EXTRACTED RECORDS
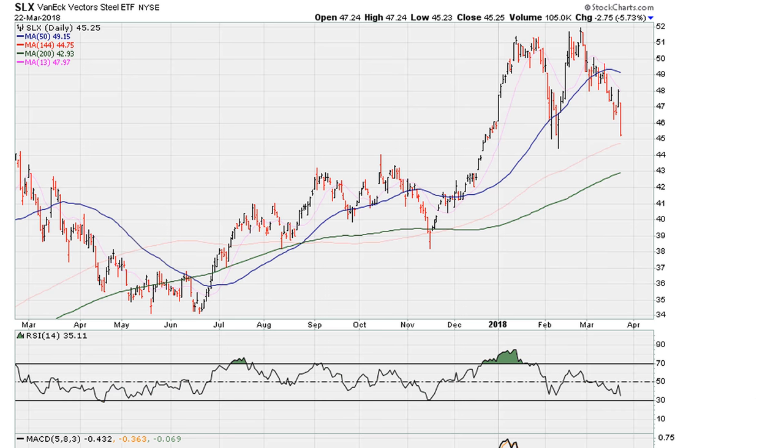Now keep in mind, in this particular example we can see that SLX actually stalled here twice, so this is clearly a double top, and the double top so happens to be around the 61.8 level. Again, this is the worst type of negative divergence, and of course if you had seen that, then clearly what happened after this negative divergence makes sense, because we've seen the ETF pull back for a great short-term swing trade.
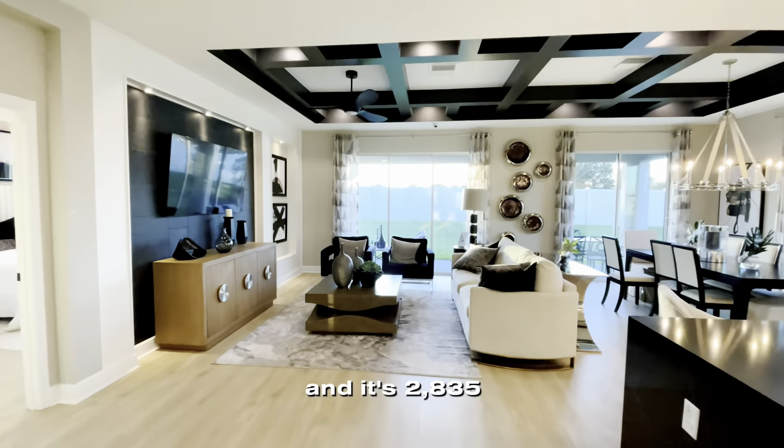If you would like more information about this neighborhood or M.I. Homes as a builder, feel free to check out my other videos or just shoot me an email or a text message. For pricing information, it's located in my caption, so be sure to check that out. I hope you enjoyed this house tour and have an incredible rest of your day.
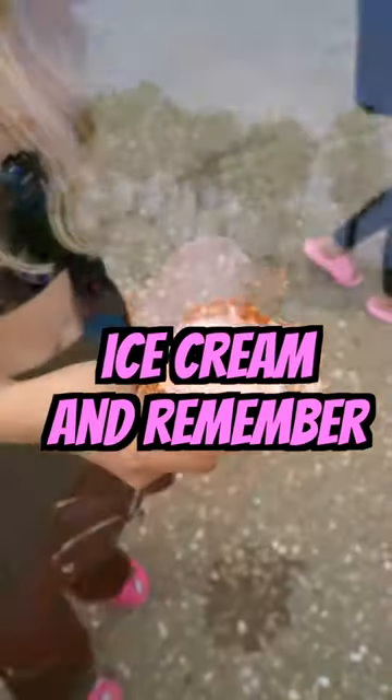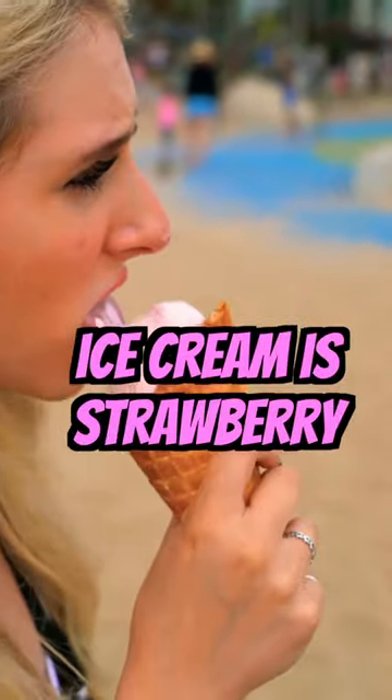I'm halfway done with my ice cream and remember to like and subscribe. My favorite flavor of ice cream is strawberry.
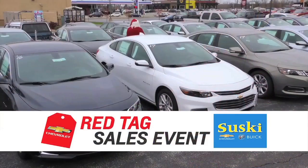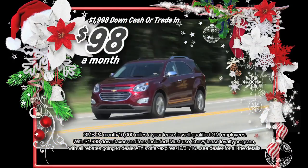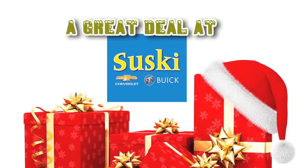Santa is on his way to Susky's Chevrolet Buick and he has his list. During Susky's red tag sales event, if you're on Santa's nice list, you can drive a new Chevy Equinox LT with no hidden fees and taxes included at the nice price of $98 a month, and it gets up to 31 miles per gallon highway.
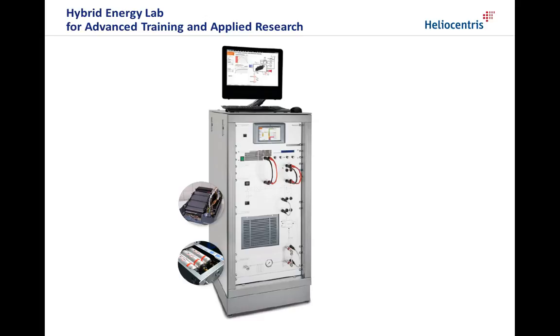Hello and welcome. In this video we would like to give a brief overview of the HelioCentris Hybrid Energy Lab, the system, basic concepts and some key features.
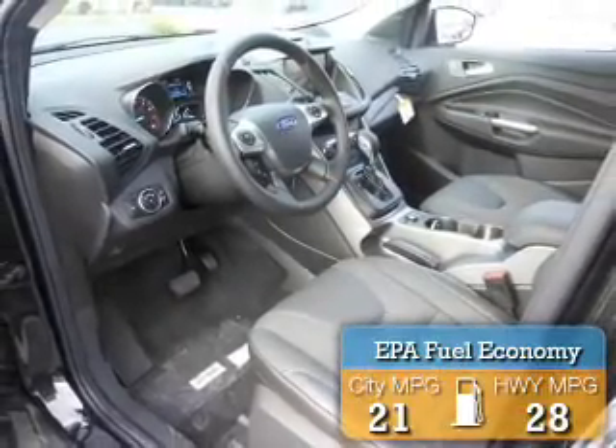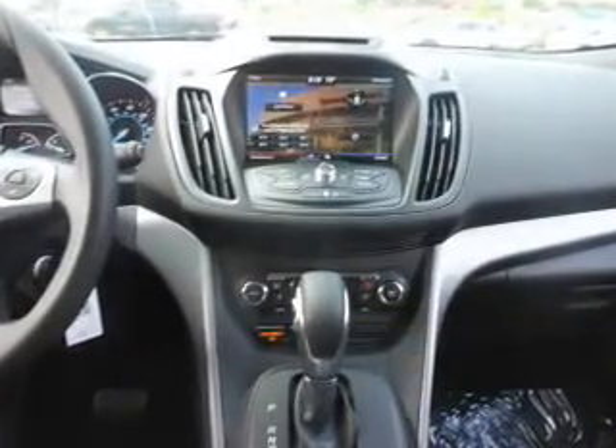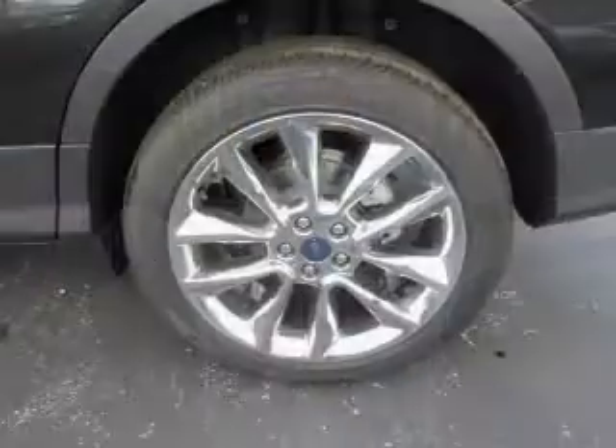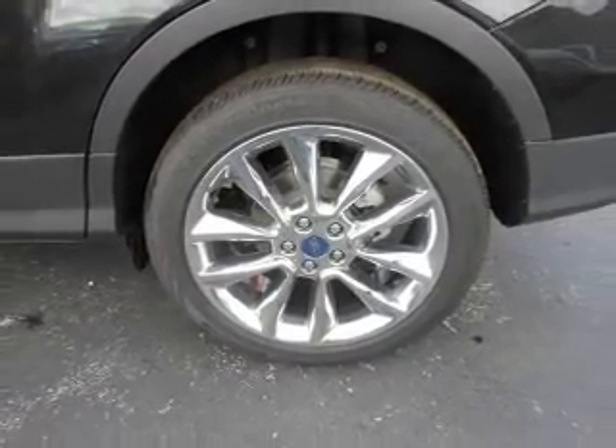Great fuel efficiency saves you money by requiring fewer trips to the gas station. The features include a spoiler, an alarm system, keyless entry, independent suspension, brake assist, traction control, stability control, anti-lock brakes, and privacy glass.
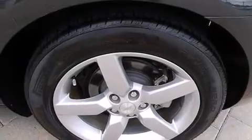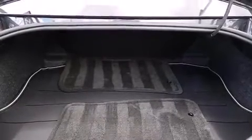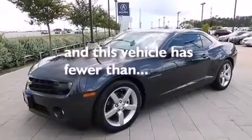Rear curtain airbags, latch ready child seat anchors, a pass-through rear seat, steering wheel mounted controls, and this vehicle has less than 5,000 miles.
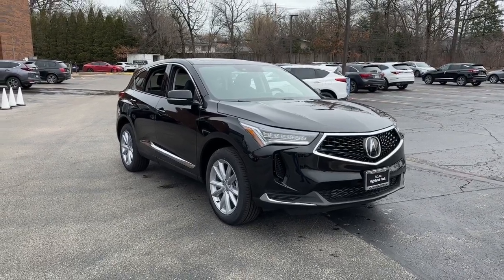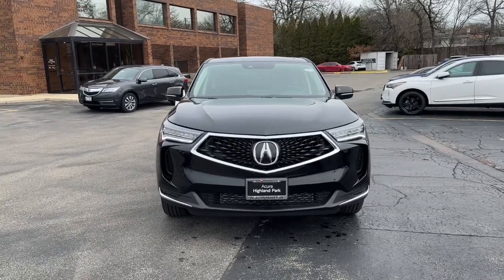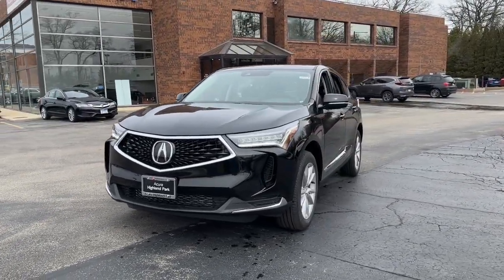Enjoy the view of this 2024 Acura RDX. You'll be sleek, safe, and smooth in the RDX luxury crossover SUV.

EXERCISE DESCRIPTION
How would the lines above read from the one with "I'm halfway done" to the one with "Hello and welcome.", inclusive, with no pictures? Write them out exactly.

ANSWER FOR THIS EXERCISE
I'm halfway done with my ice cream and remember to like and subscribe. My favorite flavor of ice cream is strawberry.
Santa is on his way to Susky's Chevrolet Buick and he has his list. During Susky's red tag sales event, if you're on Santa's nice list, you can drive a new Chevy Equinox LT with no hidden fees and taxes included at the nice price of $98 a month, and it gets up to 31 miles per gallon highway.
Hello and welcome. In this video we would like to give a brief overview of the HelioCentris Hybrid Energy Lab, the system, basic concepts and some key features.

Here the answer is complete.